§ **Work task**:
Exact reproduction is required for the lines below starting at the line with "Maison - 101 m² - 6 pièces" and ending at the line with "Chevrolet Niva I", both included. No other lines, and no pictures.

Captioned web image data

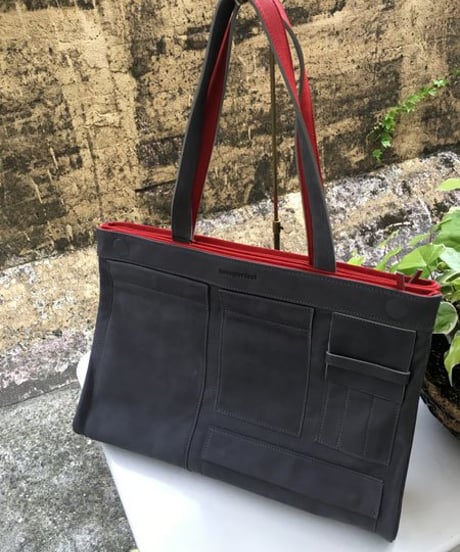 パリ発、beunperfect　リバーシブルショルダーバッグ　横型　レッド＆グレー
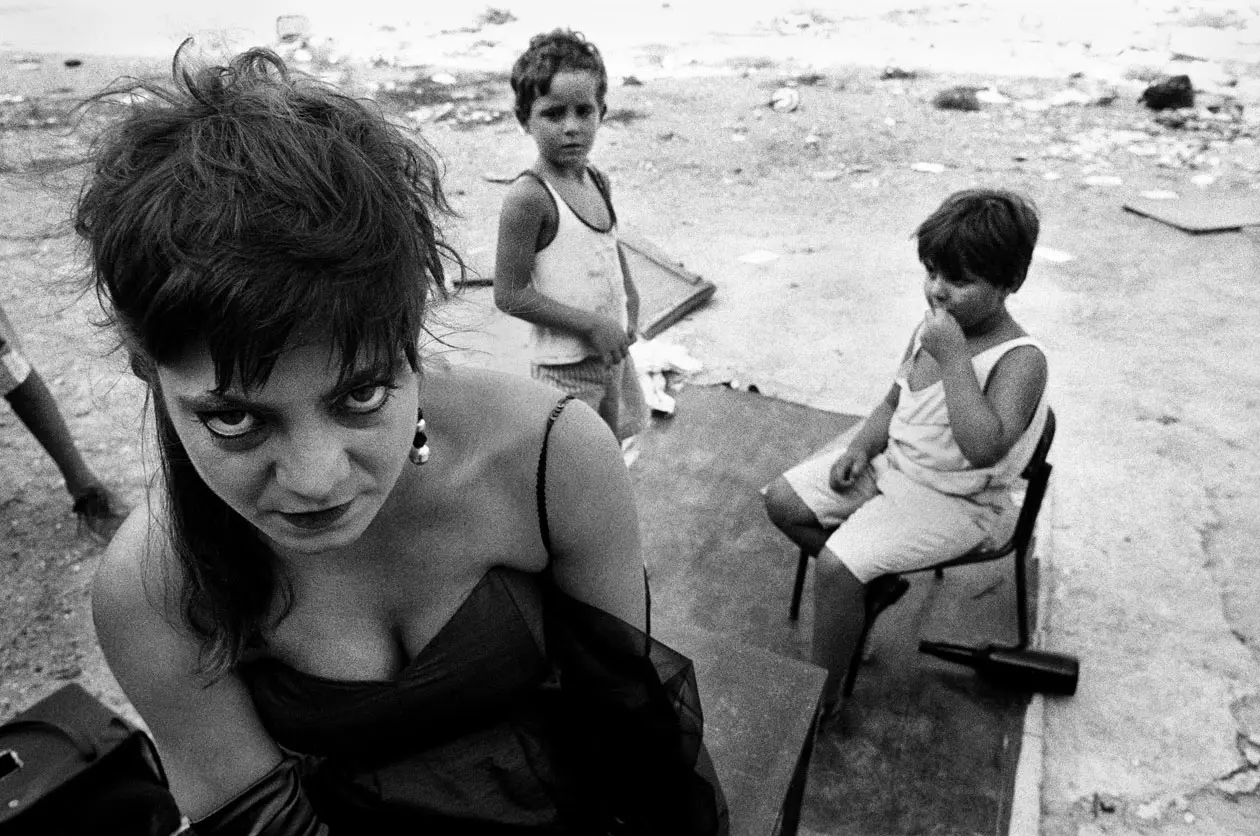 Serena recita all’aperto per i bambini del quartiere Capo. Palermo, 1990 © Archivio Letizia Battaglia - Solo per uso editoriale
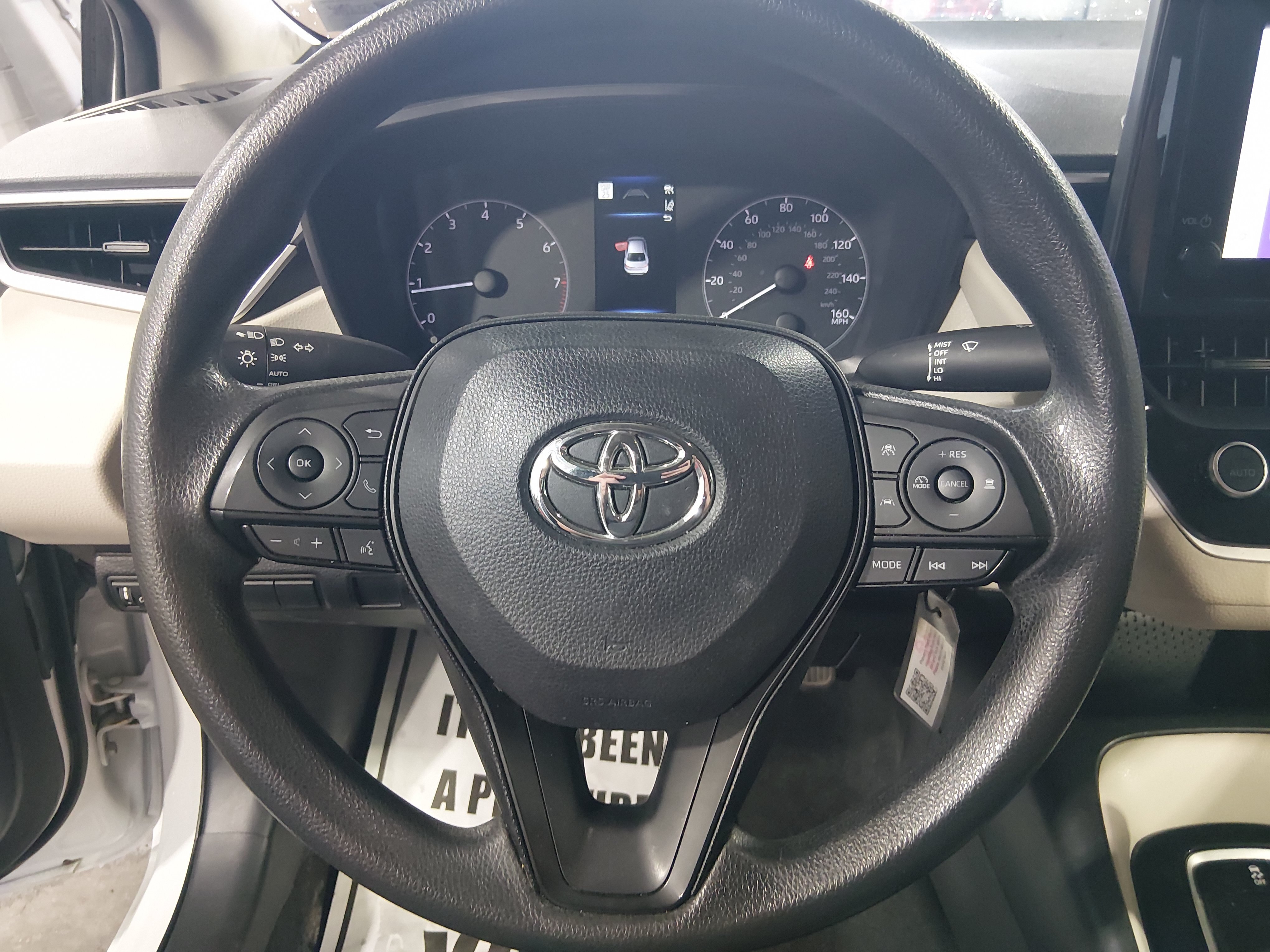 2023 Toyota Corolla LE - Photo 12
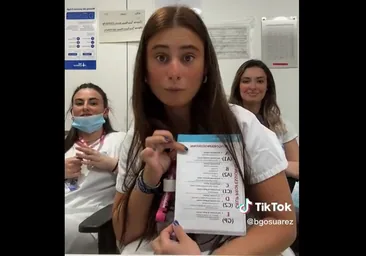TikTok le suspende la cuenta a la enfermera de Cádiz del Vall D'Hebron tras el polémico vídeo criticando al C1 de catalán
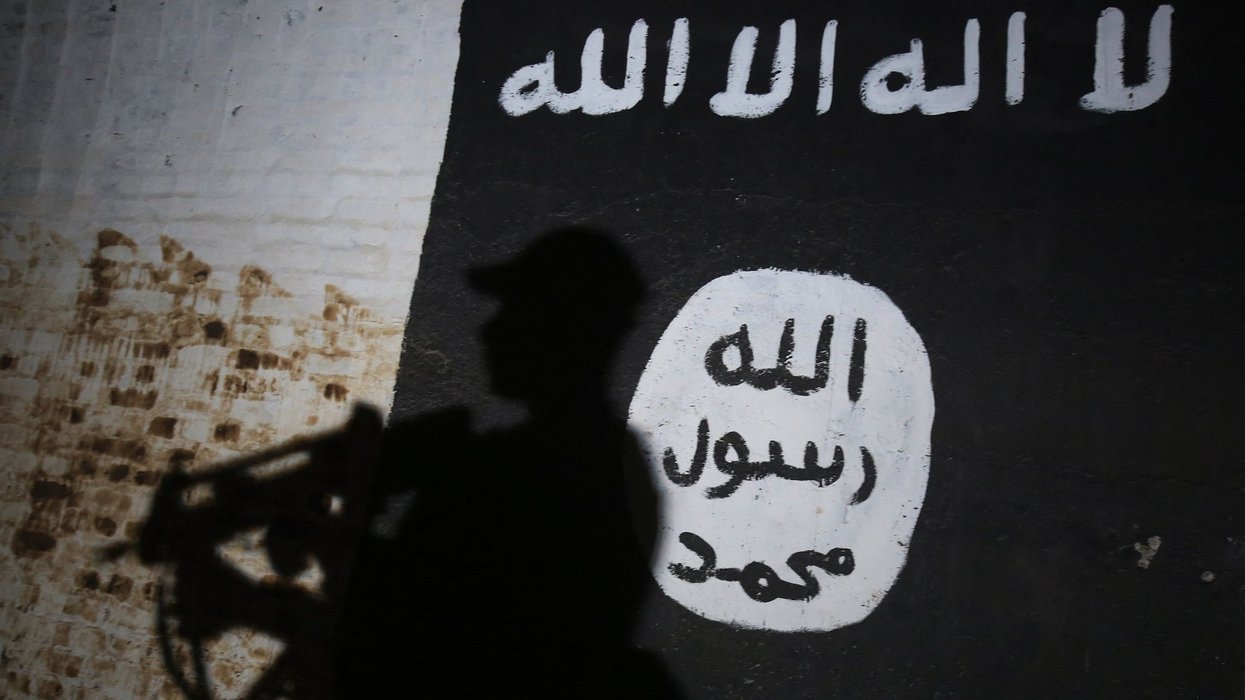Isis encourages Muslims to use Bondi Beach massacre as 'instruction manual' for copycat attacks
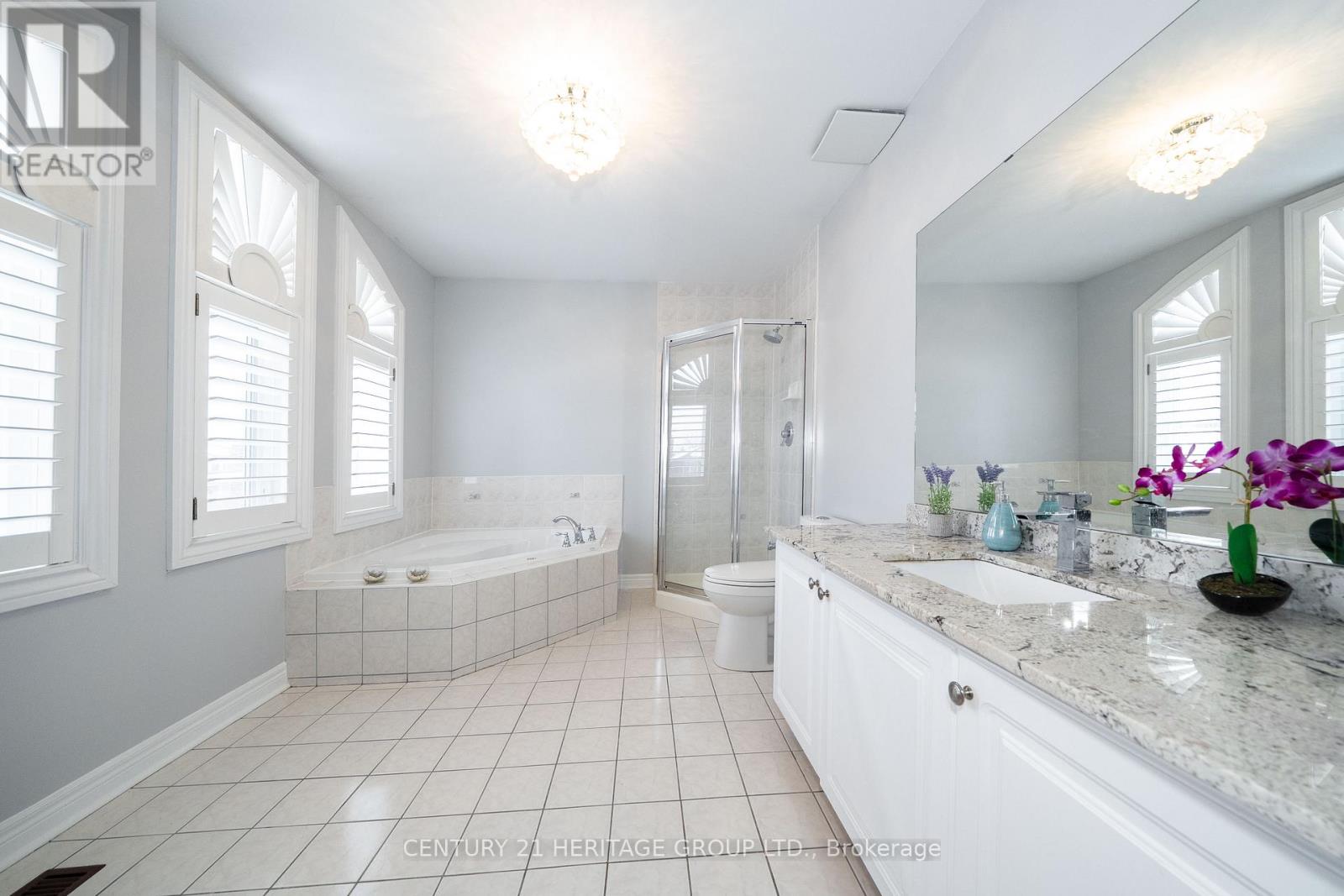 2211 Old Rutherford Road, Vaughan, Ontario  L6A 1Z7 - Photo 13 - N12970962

* * *

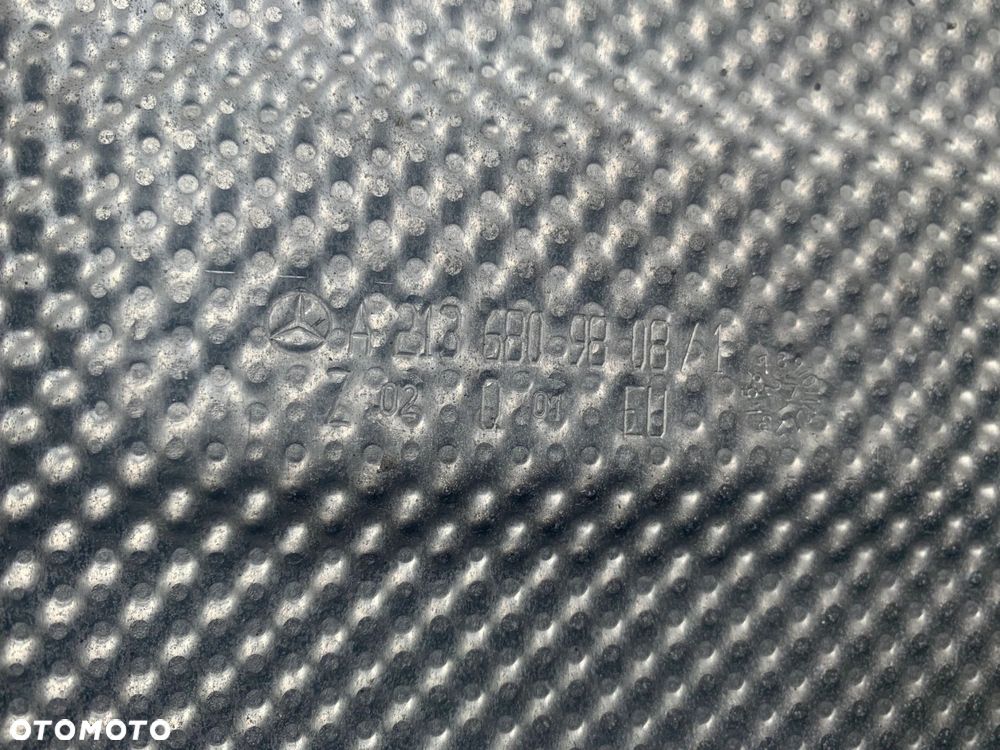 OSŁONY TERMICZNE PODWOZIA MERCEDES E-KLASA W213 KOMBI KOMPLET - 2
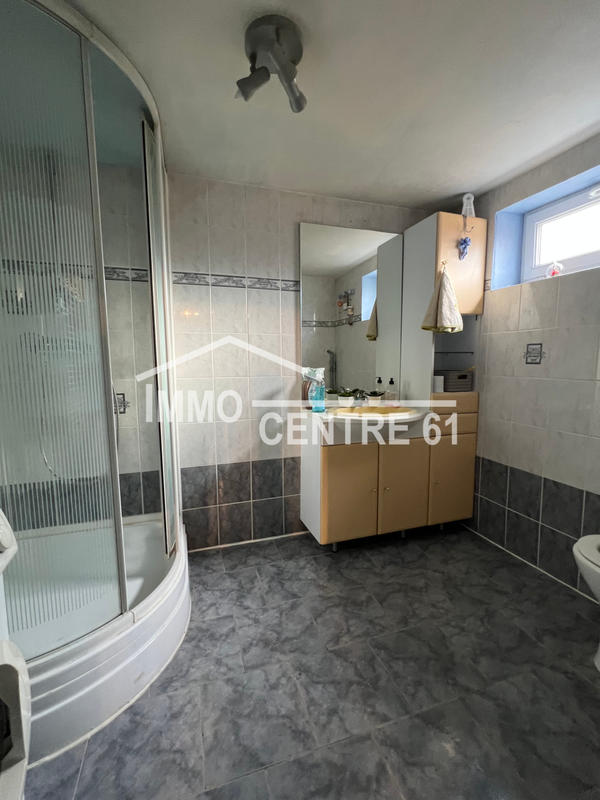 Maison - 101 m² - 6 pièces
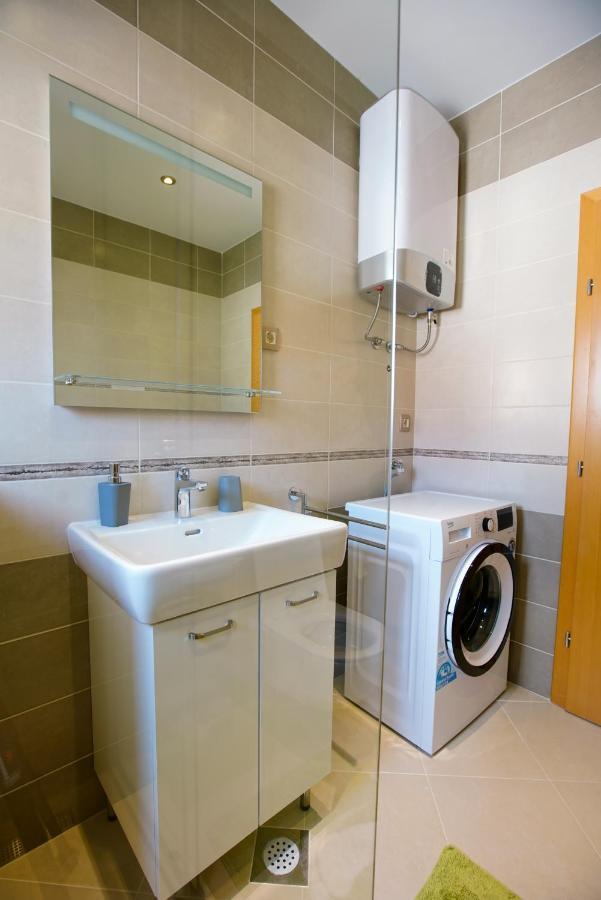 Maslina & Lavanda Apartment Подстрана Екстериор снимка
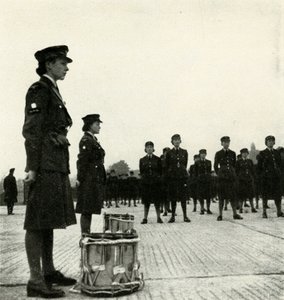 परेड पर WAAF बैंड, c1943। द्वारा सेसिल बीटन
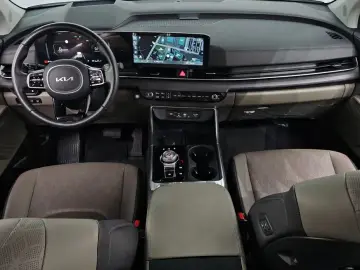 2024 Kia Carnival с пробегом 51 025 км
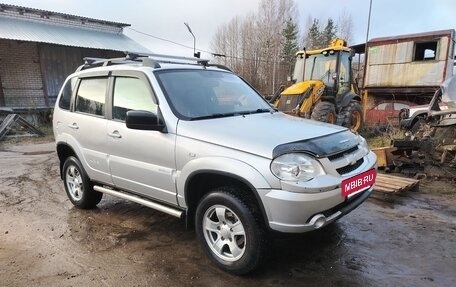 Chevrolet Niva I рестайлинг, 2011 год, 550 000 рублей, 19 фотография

§ **Answer space**:
 Maison - 101 m² - 6 pièces
 Maslina & Lavanda Apartment Подстрана Екстериор снимка
 परेड पर WAAF बैंड, c1943। द्वारा सेसिल बीटन
 2024 Kia Carnival с пробегом 51 025 км
 Chevrolet Niva I рестайлинг, 2011 год, 550 000 рублей, 19 фотография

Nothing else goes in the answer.